### Data records
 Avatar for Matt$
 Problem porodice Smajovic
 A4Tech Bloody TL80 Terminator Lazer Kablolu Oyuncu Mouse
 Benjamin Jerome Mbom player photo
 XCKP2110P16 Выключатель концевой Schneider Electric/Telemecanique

---

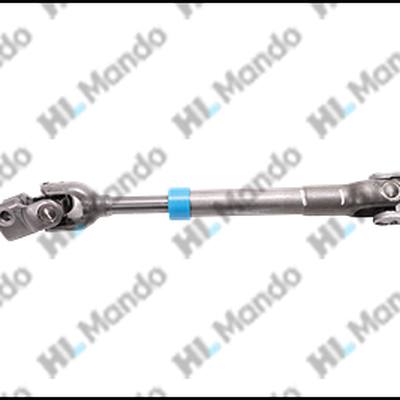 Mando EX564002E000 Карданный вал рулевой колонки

--

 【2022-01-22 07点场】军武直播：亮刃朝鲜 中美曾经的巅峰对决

### What you are asked to do
All lines above from the one holding "Problem porodice Smajovic" to the one holding "XCKP2110P16 Выключатель концевой", inclusive, are to be copied exactly; no other line is wanted.

### Reply to the task
 Problem porodice Smajovic
 A4Tech Bloody TL80 Terminator Lazer Kablolu Oyuncu Mouse
 Benjamin Jerome Mbom player photo
 XCKP2110P16 Выключатель концевой Schneider Electric/Telemecanique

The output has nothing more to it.